The two- year project was also complicated by delays in getting city permits and variances for smaller setbacks and other requirements, Schulman says.
The house, which was still being finished late last month, sits on a 1,050- square- foot ( 97sqm) lot between two much older, three- storey houses.
Unlike its vinyl- sided neighbours, its covered in lavender fibre cement siding and set back farther from the sidewalk.
Heather Wildman and Chad Chalmers of Wildman Chalmers Design worked with Picker on its design, which includes one sleeping/ living room measuring about 7m by 2m, a nearly 2m- by- 2m kitchen and a 2m- by- 1.2m bathroom with a half a metre- deep utility closet running its length. The ceilings range from 2m to 2.5m.
Many of the house’s components are also tiny: a half- metre tub, a counter- height refrigerator and a combination washer/ dryer in the corner of the kitchen. The kitchen stove, sink and dishwasher, however, are standard size. The unheated basement offers 32.5sqm of storage space.
The sleeping/ living room has a long desk beneath a front picture window but no other furniture. Picker said the buyer could choose a folding Murphy bed or loft bed for the blank wall at the far end.
The house’s price is almost identical to the median house price in Garfield last year, YS$ 110,000 ( RM450,000). So why did Picker choose this neighbourhood?
“To rebrand Garfield, to turn eyes onto it and to build something affordable in a market where affordable housing is very, very difficult to build,” Picker says.
She says she hopes that Garfield, which is sandwiched between two urban redevelopment success stories, East Liberty and Lawrenceville, will be the next neighbourhood to experience a rebirth.
But the house’s price is raising some eyebrows. Maureen Broge, 58, stopped by late last month to inquire about the price. “That’s kinda steep,” she says. Another woman driving by was surprised at the price and asked how many bedrooms. When told there was just one, she shook her head in wonderment.
Gloria Potter, broker and owner of Lotus Real Estate, has a two- bedroom, one- bath house three blocks away on Hillcrest Street priced at US$ 99,500 ( RM400,000).
“Square footage is how you determine value,” says the agent who has almost two decades of experience. “For 350 square feet ( 32.5sqm) in Garfield, I wouldn’t pay more than US$ 65,000 ( RM266,000).”
Some communities have made special accommodations for tiny houses. Fresno, California, recently became the first US city to allow tiny houses on wheels in neighbourhoods zoned for single- family homes, according to the American Tiny House Association.
Tiny houses on trailers do not need basements or sewerage and are far less expensive to build, but that was not an option here.
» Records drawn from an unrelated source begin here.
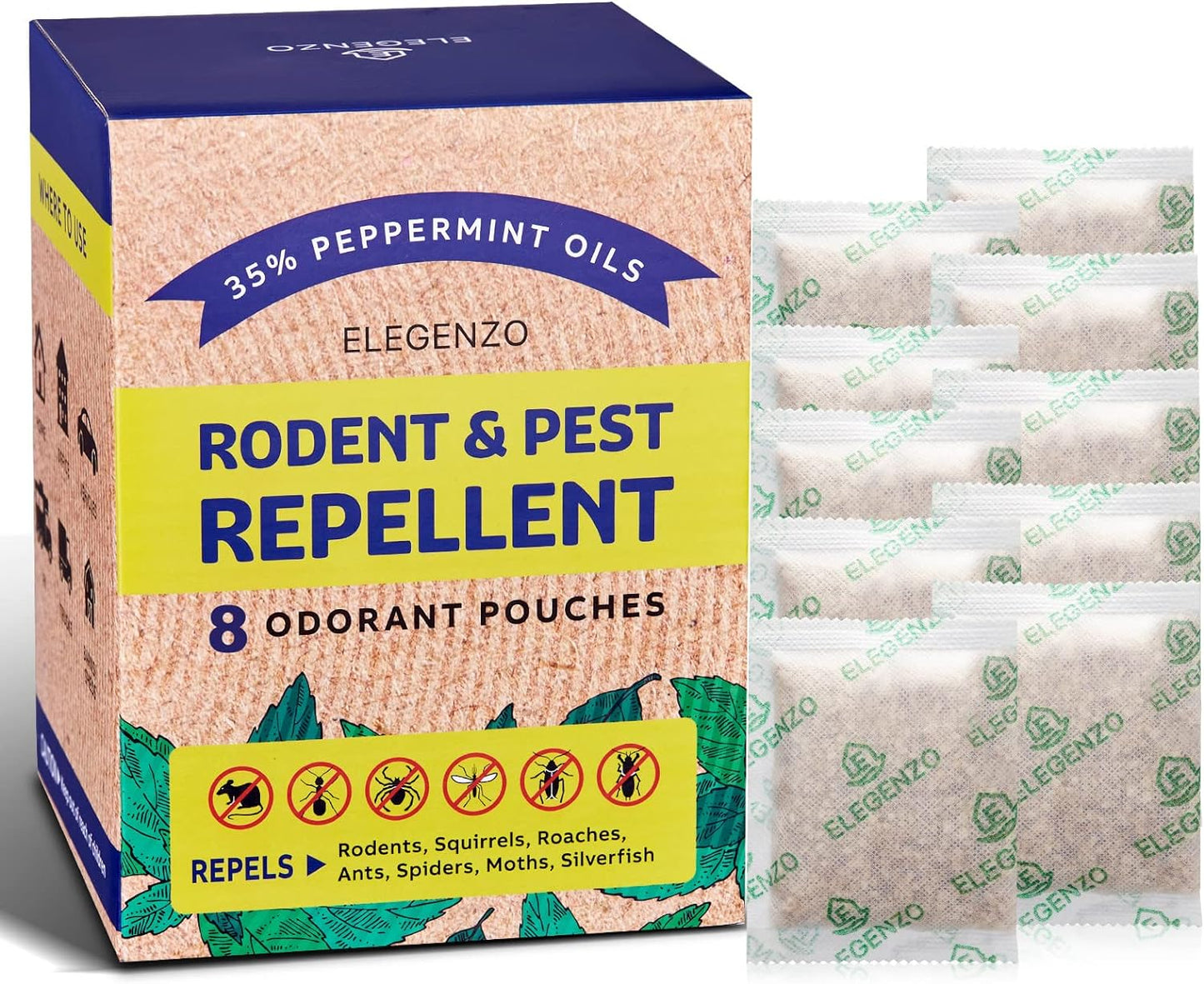 ELEGENZO Peppermint Mouse Repellent - 8 Odorant Pouches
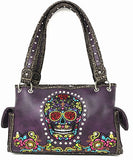 Texas West Women's Embroide Sugar Skull Handbag Purse Wallet Set in Multi Color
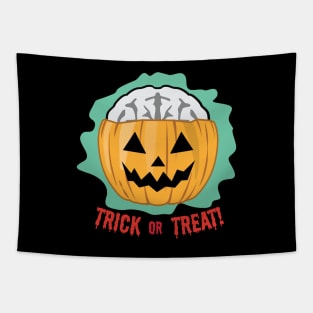 Spooky Halloween Pumpkin With Its Brain Out - Trick or Treat Tapestry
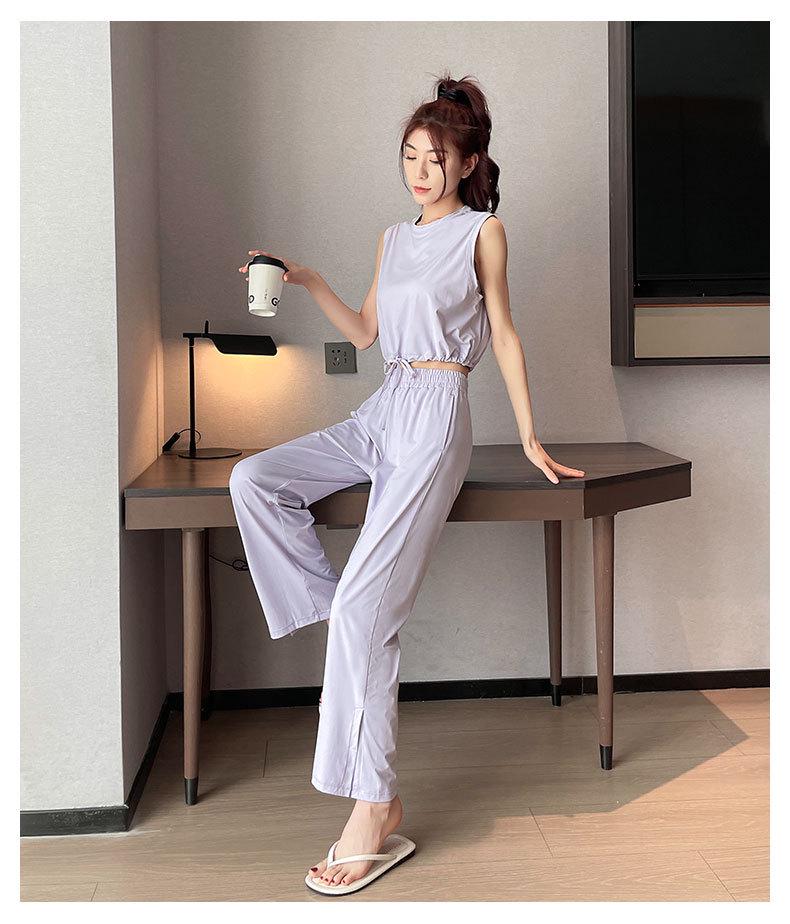 Women's Black Sun Protection Sportswear Set: Summer Quick-Dry Fitness Top & High-Waisted Wide-Leg Pants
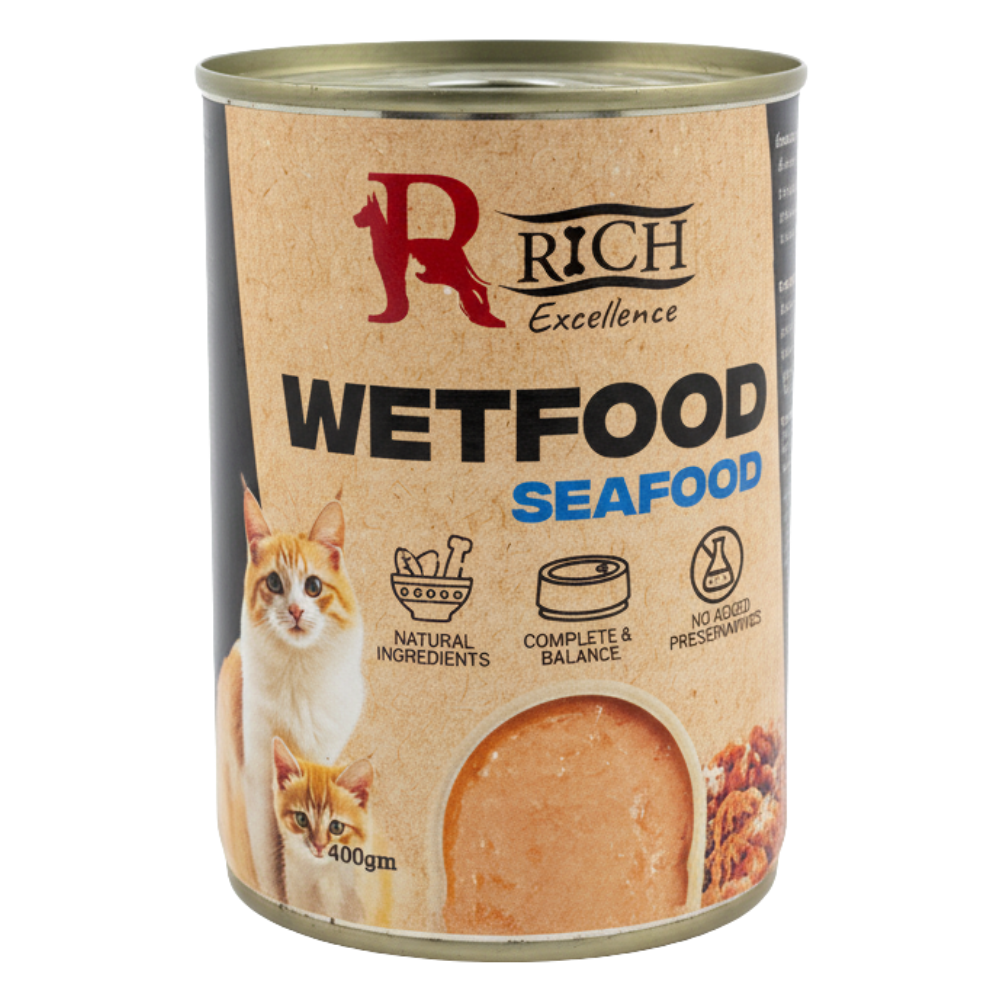 Can of Rich Excellence Wetfood Seafood for cats on a white background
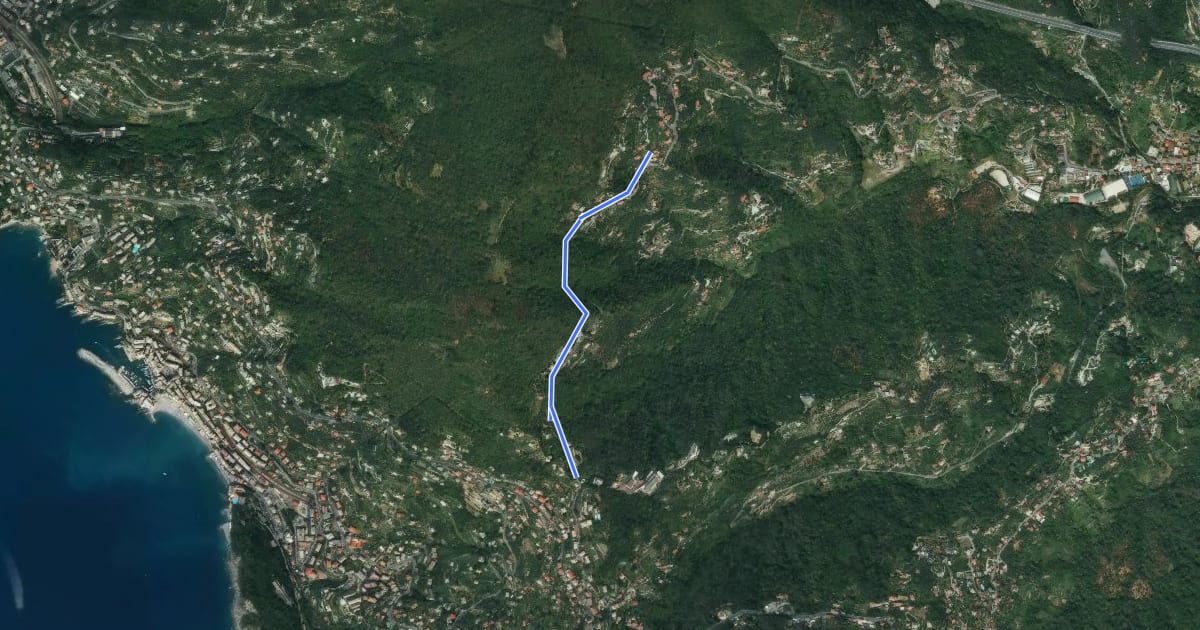 Маршрут Ruta - San Martino di Noceto на спутниковом снимке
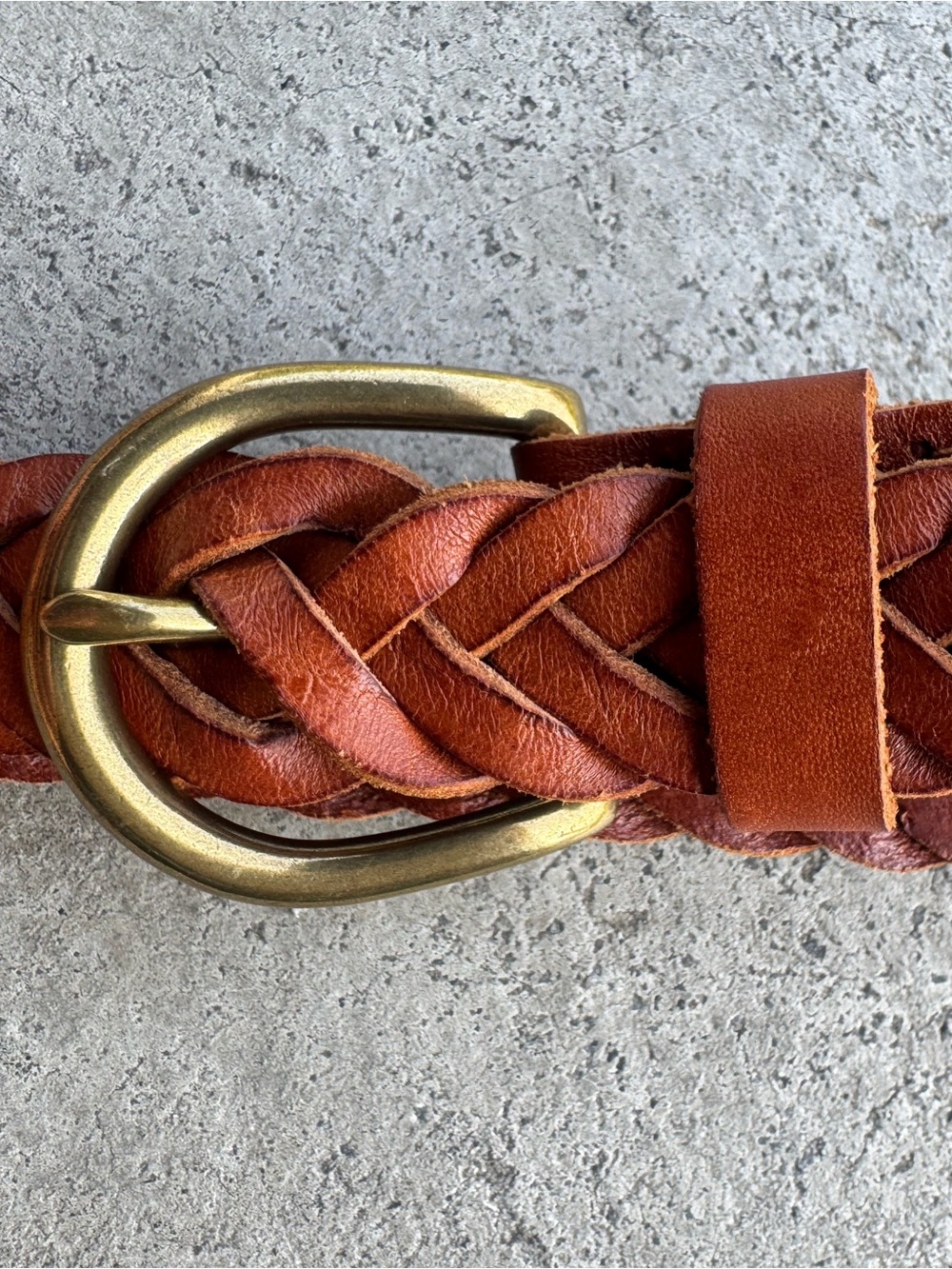 J. Crew Braided Leather Belt in Rich Brown Cognac with Brass Buckle XS/S 40” - Picture 11 of 16
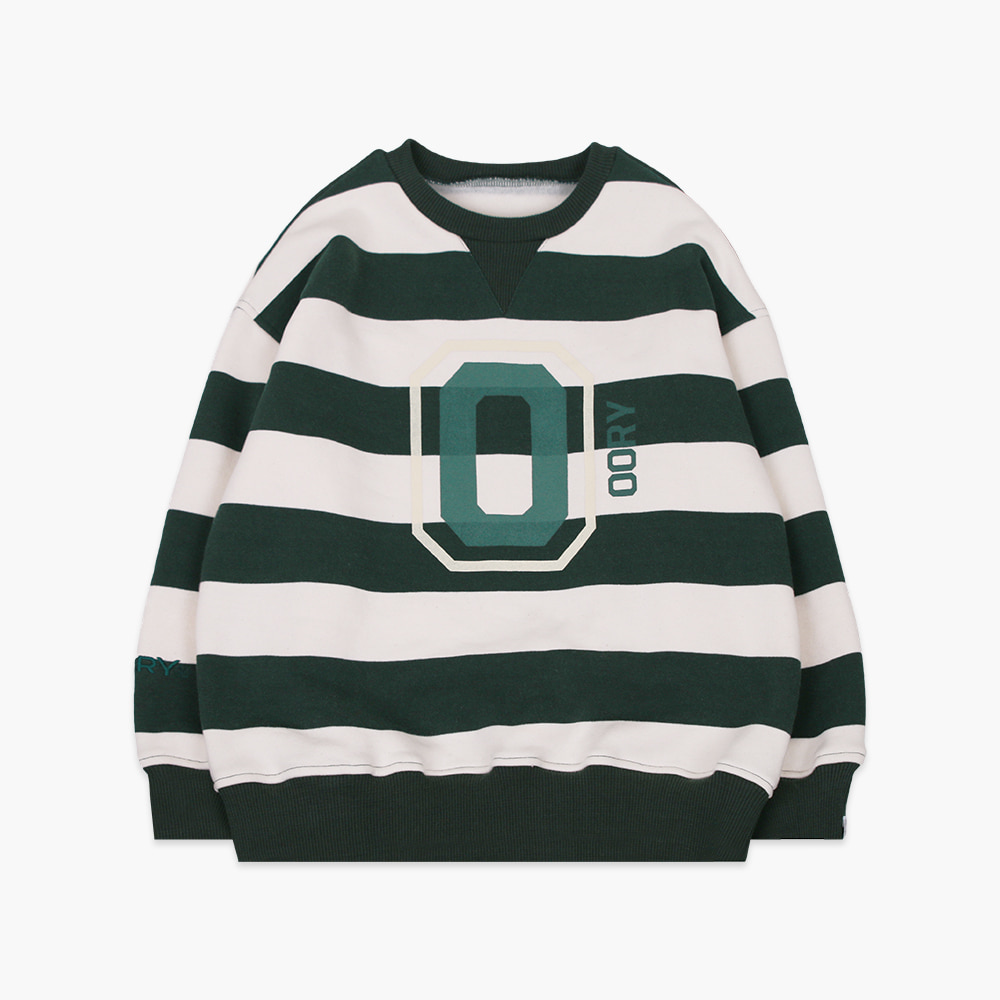 OORY Stripe sweatshirt - green ( XS/S/XL가능, 당일 발송 )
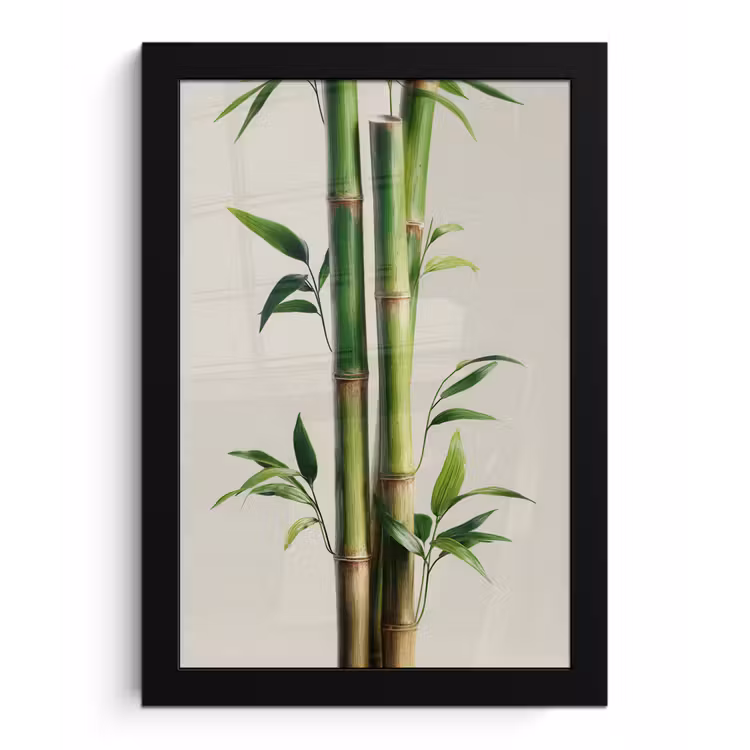 Bamboestengels - Sierlijk - Groen fotolijst zwart zonder passe partout klein -3d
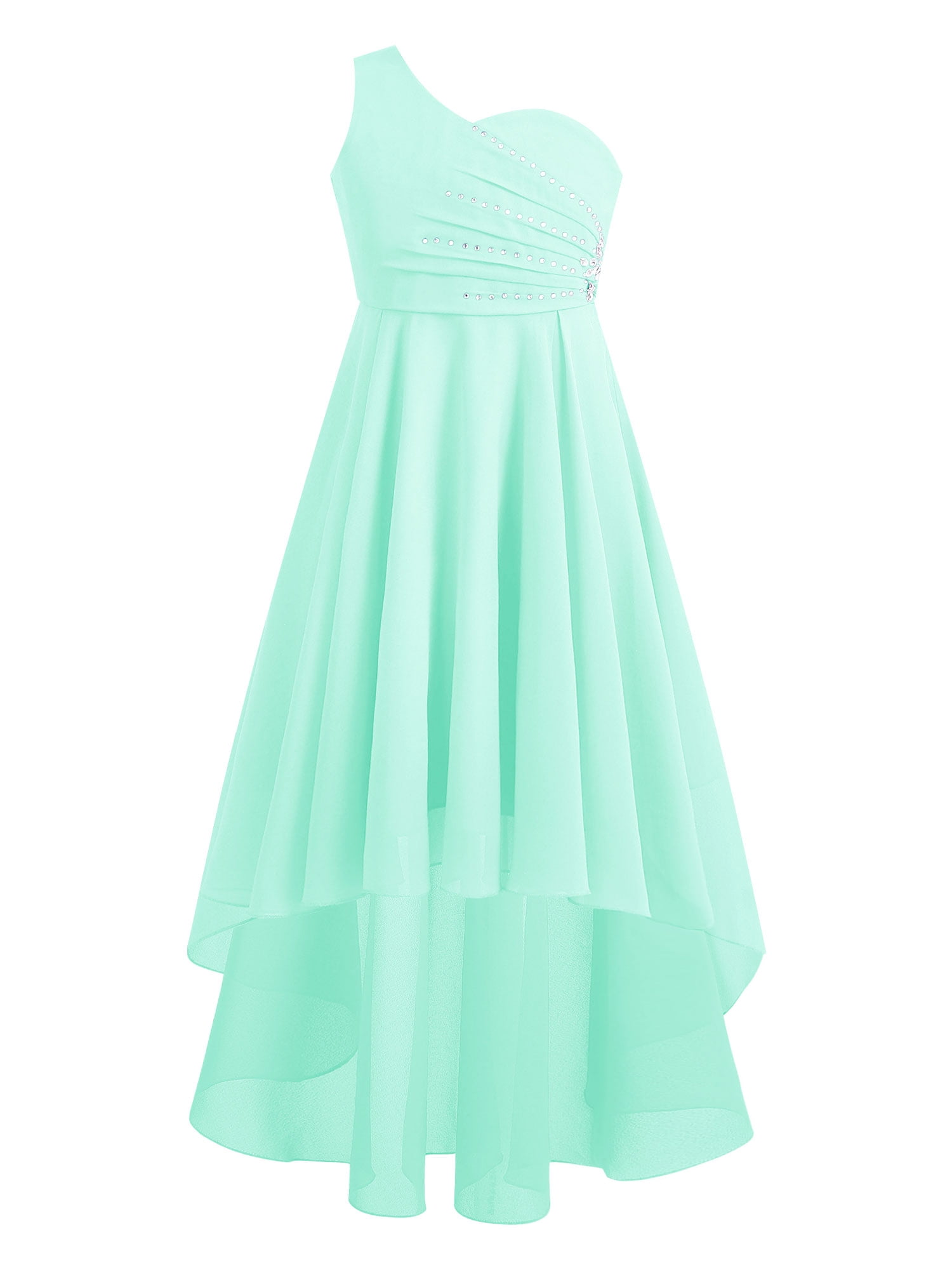 One Shoulder Asymmetrical Junior Bridesmaid Dresses Mint Green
City ordinances require houses to be tied to public water and sewer systems and have a foundation.
For CityLAB, it was more cost- effective to build on site.
“There was not a prefab house to beat that price,” Schulman says. – Pittsburgh Post- Gazette/ Tribune News Service
Picker in the unfinished living/ sleeping room of the tiny house. The kitchen is to the left and will have a standard sized stove, sink and dishwasher.